### YOUR OBJECTIVE
I'd like the line containing "হামের উপসর্গে আরও ৮ শিশুর প্রাণহানি" and each line that follows, through the last line of the material, set down exactly as they are, and no others.

====== ENTRIES SUPPLIED

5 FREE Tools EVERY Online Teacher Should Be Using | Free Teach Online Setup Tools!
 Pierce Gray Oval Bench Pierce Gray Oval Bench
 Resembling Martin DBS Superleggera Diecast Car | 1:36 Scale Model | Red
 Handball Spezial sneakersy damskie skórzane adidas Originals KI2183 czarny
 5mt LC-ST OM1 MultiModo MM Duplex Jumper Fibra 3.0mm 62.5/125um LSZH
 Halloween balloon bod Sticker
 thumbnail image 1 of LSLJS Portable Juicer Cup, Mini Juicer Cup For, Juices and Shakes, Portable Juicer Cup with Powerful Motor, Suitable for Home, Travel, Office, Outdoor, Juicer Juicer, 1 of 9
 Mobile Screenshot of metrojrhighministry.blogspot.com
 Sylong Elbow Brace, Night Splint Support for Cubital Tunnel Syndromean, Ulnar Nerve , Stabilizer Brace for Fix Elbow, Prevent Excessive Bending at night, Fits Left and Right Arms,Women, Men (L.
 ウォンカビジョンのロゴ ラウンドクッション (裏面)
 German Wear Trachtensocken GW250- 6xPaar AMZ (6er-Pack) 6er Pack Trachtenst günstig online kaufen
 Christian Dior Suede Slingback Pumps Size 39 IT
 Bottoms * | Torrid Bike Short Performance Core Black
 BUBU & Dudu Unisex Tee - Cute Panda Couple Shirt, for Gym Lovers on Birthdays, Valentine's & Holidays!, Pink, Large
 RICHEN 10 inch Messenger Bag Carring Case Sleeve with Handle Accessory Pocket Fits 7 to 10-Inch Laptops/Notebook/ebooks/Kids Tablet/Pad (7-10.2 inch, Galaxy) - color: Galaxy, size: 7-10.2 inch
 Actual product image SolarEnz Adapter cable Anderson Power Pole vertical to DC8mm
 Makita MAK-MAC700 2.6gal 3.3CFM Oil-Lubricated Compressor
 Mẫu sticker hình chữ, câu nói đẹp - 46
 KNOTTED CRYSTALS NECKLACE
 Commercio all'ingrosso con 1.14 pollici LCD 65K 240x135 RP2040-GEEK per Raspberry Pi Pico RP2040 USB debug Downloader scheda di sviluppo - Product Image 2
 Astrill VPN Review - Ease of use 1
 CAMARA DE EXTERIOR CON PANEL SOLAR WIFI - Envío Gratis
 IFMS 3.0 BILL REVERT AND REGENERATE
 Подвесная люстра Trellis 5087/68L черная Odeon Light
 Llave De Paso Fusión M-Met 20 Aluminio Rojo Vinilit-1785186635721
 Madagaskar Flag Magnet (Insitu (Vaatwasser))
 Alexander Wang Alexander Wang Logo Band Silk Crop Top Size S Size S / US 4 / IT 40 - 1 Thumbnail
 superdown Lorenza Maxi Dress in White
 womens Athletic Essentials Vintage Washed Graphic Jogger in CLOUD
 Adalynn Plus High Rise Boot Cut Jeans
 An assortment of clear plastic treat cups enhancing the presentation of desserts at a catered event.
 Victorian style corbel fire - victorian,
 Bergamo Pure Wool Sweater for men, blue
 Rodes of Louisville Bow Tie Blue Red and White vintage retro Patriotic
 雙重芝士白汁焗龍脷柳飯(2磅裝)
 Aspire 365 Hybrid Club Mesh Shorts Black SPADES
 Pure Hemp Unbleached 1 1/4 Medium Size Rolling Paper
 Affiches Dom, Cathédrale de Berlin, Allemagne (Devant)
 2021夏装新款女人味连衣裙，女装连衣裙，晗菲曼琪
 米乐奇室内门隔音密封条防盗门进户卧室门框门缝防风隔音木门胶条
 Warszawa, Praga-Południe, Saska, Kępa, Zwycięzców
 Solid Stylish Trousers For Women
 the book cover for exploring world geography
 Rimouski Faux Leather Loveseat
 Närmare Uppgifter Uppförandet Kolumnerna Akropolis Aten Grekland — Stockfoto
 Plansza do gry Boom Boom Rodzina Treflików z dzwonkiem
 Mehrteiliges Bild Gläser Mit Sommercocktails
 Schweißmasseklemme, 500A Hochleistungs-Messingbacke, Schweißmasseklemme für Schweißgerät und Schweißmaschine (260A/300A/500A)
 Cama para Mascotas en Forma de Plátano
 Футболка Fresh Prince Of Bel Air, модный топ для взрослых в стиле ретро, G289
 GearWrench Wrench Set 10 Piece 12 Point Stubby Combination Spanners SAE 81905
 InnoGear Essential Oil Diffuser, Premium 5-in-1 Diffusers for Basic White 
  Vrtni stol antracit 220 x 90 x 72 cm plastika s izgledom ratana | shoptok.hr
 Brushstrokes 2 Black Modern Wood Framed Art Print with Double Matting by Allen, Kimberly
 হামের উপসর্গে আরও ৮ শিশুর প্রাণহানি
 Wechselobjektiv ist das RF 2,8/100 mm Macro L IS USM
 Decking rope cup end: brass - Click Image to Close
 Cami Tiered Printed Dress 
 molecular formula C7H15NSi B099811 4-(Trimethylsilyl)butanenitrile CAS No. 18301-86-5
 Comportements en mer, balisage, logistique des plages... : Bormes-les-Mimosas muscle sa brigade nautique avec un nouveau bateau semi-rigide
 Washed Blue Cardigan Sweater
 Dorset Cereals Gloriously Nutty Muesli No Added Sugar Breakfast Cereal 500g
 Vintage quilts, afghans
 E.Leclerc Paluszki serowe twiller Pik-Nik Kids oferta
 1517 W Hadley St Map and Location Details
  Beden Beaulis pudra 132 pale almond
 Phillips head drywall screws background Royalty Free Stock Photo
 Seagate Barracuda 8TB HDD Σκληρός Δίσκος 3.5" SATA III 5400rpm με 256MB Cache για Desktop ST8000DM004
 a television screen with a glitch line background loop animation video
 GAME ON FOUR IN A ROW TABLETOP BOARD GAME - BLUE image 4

============

### ANSWER SPACE
 হামের উপসর্গে আরও ৮ শিশুর প্রাণহানি
 Wechselobjektiv ist das RF 2,8/100 mm Macro L IS USM
 Decking rope cup end: brass - Click Image to Close
 Cami Tiered Printed Dress 
 molecular formula C7H15NSi B099811 4-(Trimethylsilyl)butanenitrile CAS No. 18301-86-5
 Comportements en mer, balisage, logistique des plages... : Bormes-les-Mimosas muscle sa brigade nautique avec un nouveau bateau semi-rigide
 Washed Blue Cardigan Sweater
 Dorset Cereals Gloriously Nutty Muesli No Added Sugar Breakfast Cereal 500g
 Vintage quilts, afghans
 E.Leclerc Paluszki serowe twiller Pik-Nik Kids oferta
 1517 W Hadley St Map and Location Details
  Beden Beaulis pudra 132 pale almond
 Phillips head drywall screws background Royalty Free Stock Photo
 Seagate Barracuda 8TB HDD Σκληρός Δίσκος 3.5" SATA III 5400rpm με 256MB Cache για Desktop ST8000DM004
 a television screen with a glitch line background loop animation video
 GAME ON FOUR IN A ROW TABLETOP BOARD GAME - BLUE image 4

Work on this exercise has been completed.